#### Work item
Copy out every line of the material below, character for character, apart from the pictures.

#### Input data
━━━━━━━━━━━━━━━━━━━━
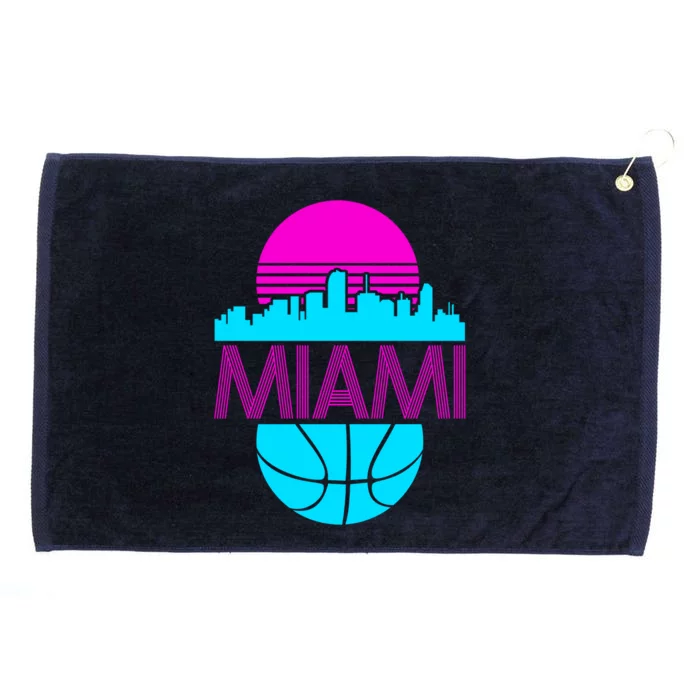 Miami Florida Neon Retro Logo Grommeted Golf Towel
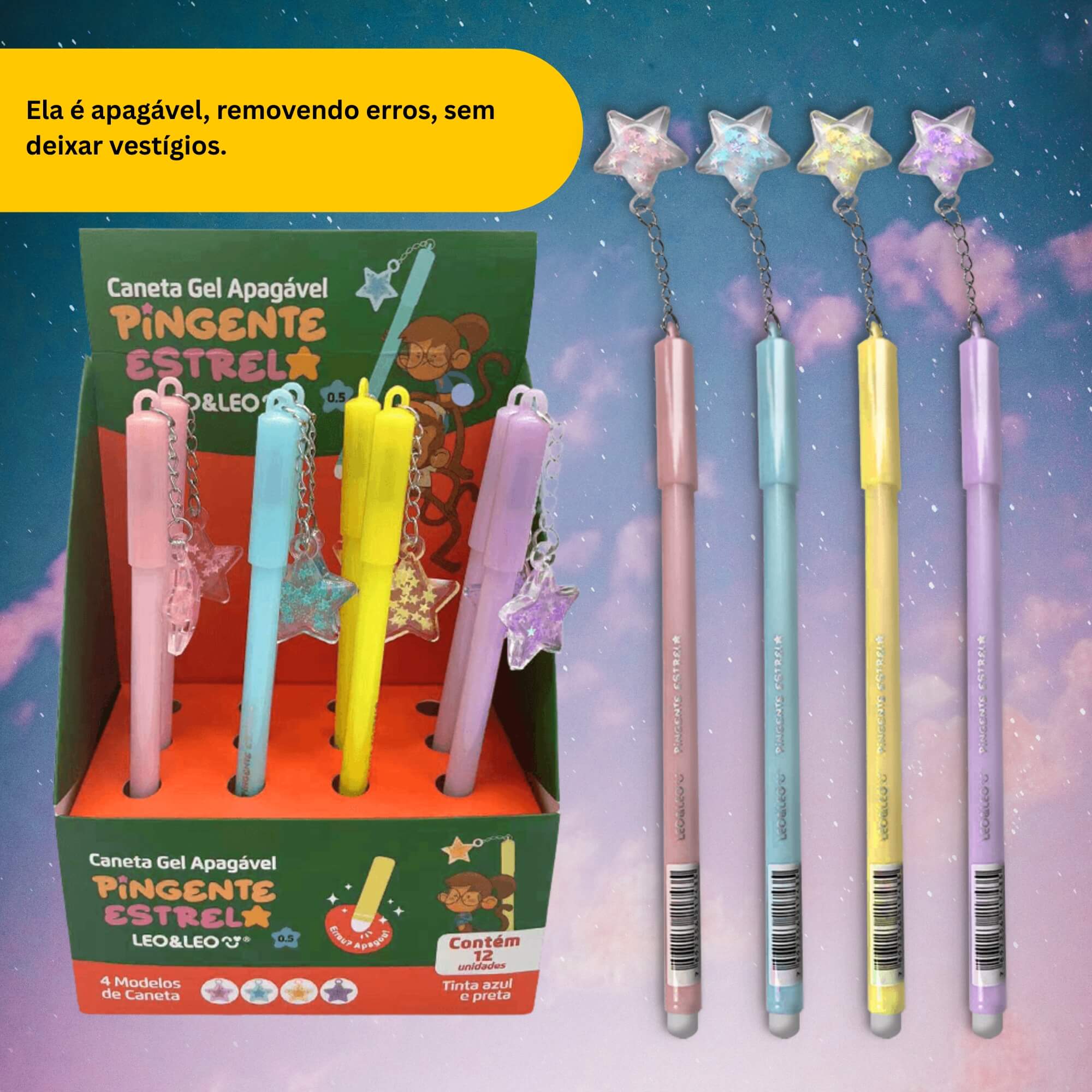 Caneta em Gel Apagável 0.5 com Pingente Estrela Display c/ 12 unidades Leo&Leo Leonora - 10223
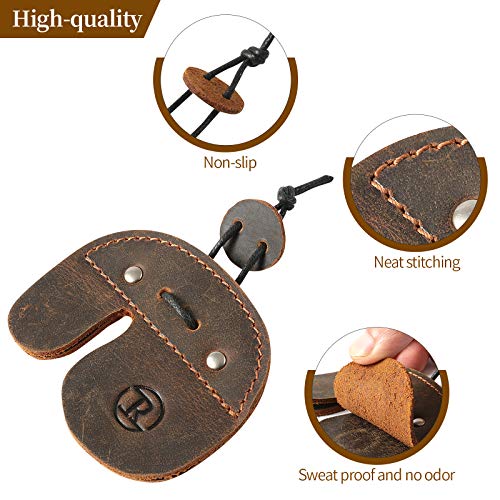 Ringsun Leather Archery Finger Tabs,Handmade Archery Finger Guard for Shooting Practice Gear, Recurve Bow Fingers Tab - color: Bourbon Brown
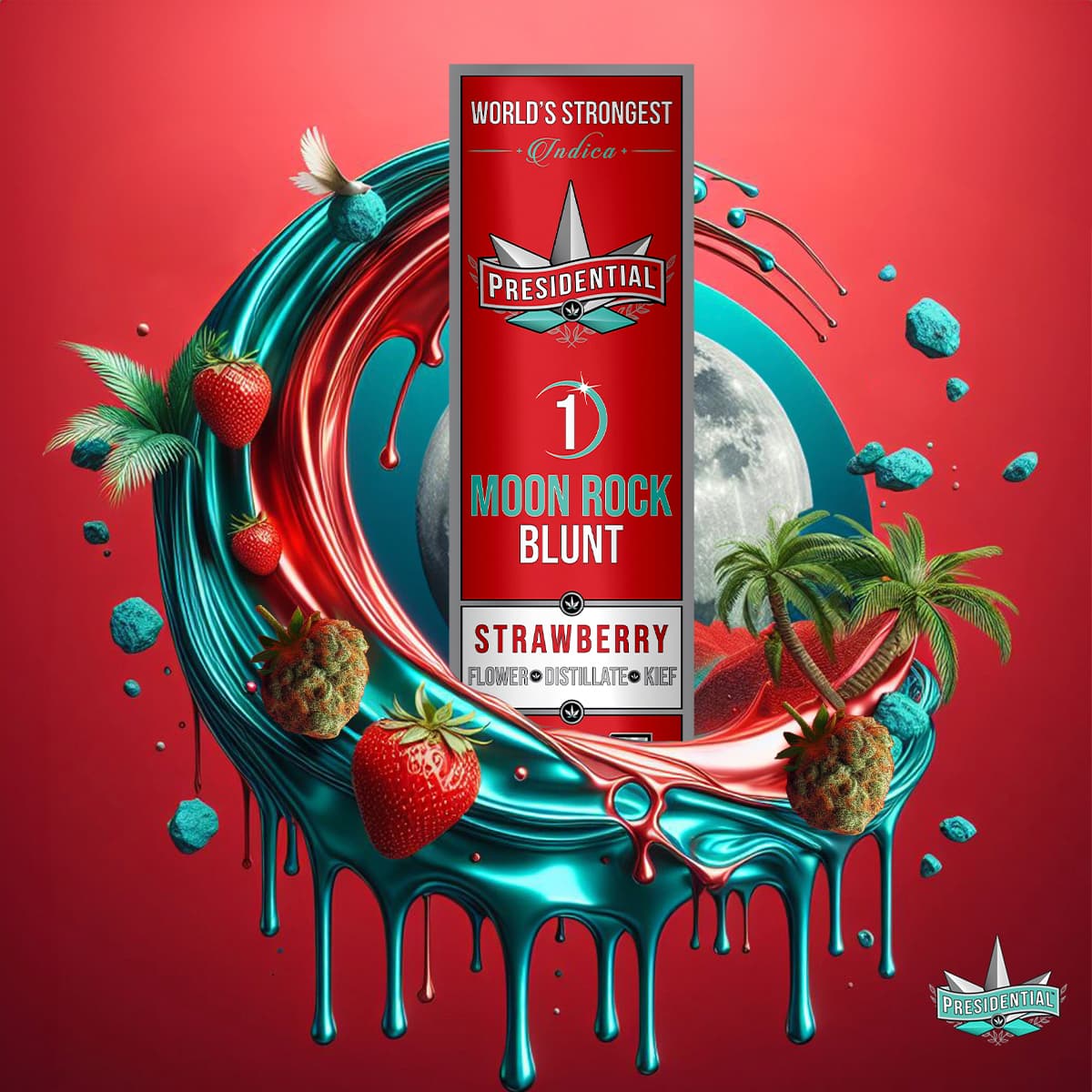 Strawberry Presidential blunt product graphic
━━━━━━━━━━━━━━━━━━━━
#### Reply to the exercise
 Miami Florida Neon Retro Logo Grommeted Golf Towel
 Caneta em Gel Apagável 0.5 com Pingente Estrela Display c/ 12 unidades Leo&Leo Leonora - 10223
 Ringsun Leather Archery Finger Tabs,Handmade Archery Finger Guard for Shooting Practice Gear, Recurve Bow Fingers Tab - color: Bourbon Brown
 Strawberry Presidential blunt product graphic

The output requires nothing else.